--- Exercise data ---

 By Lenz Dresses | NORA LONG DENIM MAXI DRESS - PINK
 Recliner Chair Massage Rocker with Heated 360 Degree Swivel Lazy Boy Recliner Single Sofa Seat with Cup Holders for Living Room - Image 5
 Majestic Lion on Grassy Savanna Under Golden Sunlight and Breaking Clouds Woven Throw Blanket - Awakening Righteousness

---
--- Exercise data ---

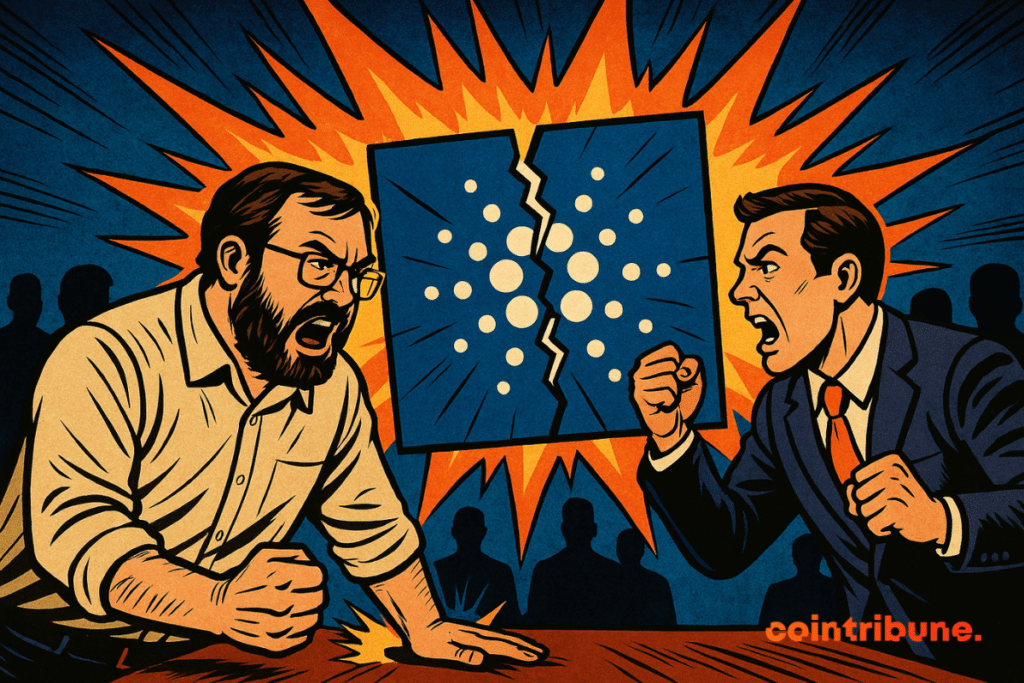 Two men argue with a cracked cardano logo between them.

---

Assignment: From the data above, return every line from the line that has "Recliner Chair Massage" up to and including the line that has "Majestic Lion on", exactly.

Solution for this exercise:
 Recliner Chair Massage Rocker with Heated 360 Degree Swivel Lazy Boy Recliner Single Sofa Seat with Cup Holders for Living Room - Image 5
 Majestic Lion on Grassy Savanna Under Golden Sunlight and Breaking Clouds Woven Throw Blanket - Awakening Righteousness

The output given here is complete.